Игорь проснулся, как ему показалось во сне, от ощущения переворачивающейся каюты. В момент, когда маршевые двигатели выключились перед разворотом, исчезла та небольшая искусственная гравитация, которая создавалась ускорением, сообщаемым кораблю двигателями. Когда же они снова включились, снова появилось ускорение, но уже противоположно направленное; а с ним опять небольшая гравитация. Под ее действием гамак, в котором он спал, несколько осел и провис на растяжках. От этого он и проснулся. Спальные гамаки были изобретением, пришедшим в космонавтику из военно-морского флота. И там, и здесь они использовались прежде всего из-за недостатка места. Гамак после сна можно было легко отцепить, скатать в скатку, и подвесить так, чтобы он занимал минимум места. Только на флоте спать в гамаке можно было исключительно на спине. В космосе же гравитации не было (либо была очень небольшая, когда корабль летел с ускорением), за счет чего гамак почти не провисал. Кроме того, специальная система растяжек позволяла достаточно плотно натянуть гамак, так что его дно становилось довольно жестким и плоским. К нему крепился спальный мешок, что позволяло спать раздетым, и даже переворачиваться на бок или спину. Хотя, как было замечено, в космосе спящий человек переворачивается гораздо реже, чем на Земле. На Земле, по причине довольно большой силы тяжести, если долго лежать в одном положении, можно отлежать мышцы, стиснутые весом тела. Поэтому мы инстинктивно, часто даже не просыпаясь, переворачиваемся во сне до 60 раз за ночь, когда отлежанные мышцы сигнализируют в мозг. В космосе же, в невесомости мышцы ничем не сдавливались, и можно было проспать, перевернувшись всего с десяток раз. Игорь глянул на Таню, посапывавшую в соседнем гамаке. На ее лице блуждала детская улыбка, оттого оно было особенно прекрасным. Он вспомнил вчерашний день, и довольная улыбка появилась и на его лице тоже. Несмотря на все неудобства занятий сексом в невесомости, вчерашняя вспышка страсти между ними была экстраординарным событием в аскетическом быте астронавтов.
LIX
После удачного бегства из борделя Фишеру пришлось спешно уйти из маленькой съемной квартирки. Он не был до конца уверен в том, что Изабель не поднимет шум из-за убитой шлюшки, или не станет искать его через своих друзей-бандитов.
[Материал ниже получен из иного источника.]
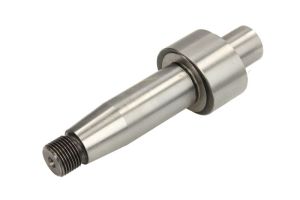 Wałek pompy wtryskowej ENT230007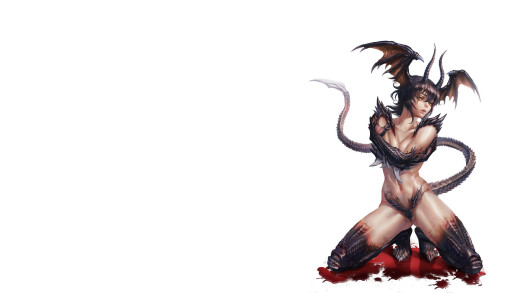 1439146 (a): :1920x1080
Изабель сожительствовала с одним из главарей бандитской группировки, одноглазым Клаусом. Тот был знаменит жестокими расправами над провинившимися, и не щадил даже женщин и детей. Когда Фишер узнал об этом от своего разбитного всезнающего приятеля, он решил не искушать судьбу; и исчез, взяв с собой только чемодан с самым необходимым. Приятель отвел его в клуб, где обосновались неонацисты. С его рекомендацией Фишера приняли с распростертыми объятьями. Дали ему комнатку в дальнем конце здания, немного денег; и предложили вступить для начала в DJPF, молодежное крыло партии. Фишер после всех злоключений за последний год уже вполне созрел, и, недолго думая, согласился. Как бывшего кадрового военного с боевым опытом его сразу поставили командиром взвода нацистских молодчиков. Молодежный союз имел полувоенную структуру, боевики были сколочены в отделения и взводы по территориальному признаку. Время от времени организовывались поездки в лес на стрельбища, где волчата Брандта оттачивали умение владеть оружием и приемами рукопашного боя. Опыт Фишера оказался востребованным, он сам умело подошел к организации подготовки нацистского молодняка. Его заметили "наверху", и стали продвигать по партийной служебной лестнице. За два с небольшим года он сделал головокружительную карьеру от командира взвода до "югендфюрера", как называлась его нынешняя должность в партии. Помимо таланта организатора в нем открылся также и ораторский талант; и он начал блистать на партийных сборищах, зажигая аудиторию пламенными речами. Авторитет его в партии вырос настолько, что он стал соперничать за верховное фюрерство с самими Брандтом, стоявшим у истоков партии. В партийной верхушке началась междуусобная борьба за власть, ослабляющая позиции партии на политической арене страны. Это тщательно скрывалось от рядовых членов, но руководство высшего и среднего звена было достаточно осведомлено. Когда Глендейлу рассказали об этих распрях, он высказал искреннее сожаление. В самом деле, партия, достигшая немалых успехов стараниями ее высших бонз, в том числе и Брандта с Фишером, теперь их же стараниями откатывалась назад. Пример для подражания в его понимании теперь становился антипримером.